● **Source records**:
- - - - -
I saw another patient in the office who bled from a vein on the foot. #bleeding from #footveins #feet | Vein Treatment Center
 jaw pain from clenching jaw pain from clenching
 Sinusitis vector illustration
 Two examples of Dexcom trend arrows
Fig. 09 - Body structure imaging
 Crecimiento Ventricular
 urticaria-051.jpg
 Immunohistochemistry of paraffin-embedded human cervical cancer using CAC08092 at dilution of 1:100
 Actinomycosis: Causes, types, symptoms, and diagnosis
- - - - -
● **Brief**: Using the data above, show each line where "from" occurs.

● **Exercise answer**:
I saw another patient in the office who bled from a vein on the foot. #bleeding from #footveins #feet | Vein Treatment Center
 jaw pain from clenching jaw pain from clenching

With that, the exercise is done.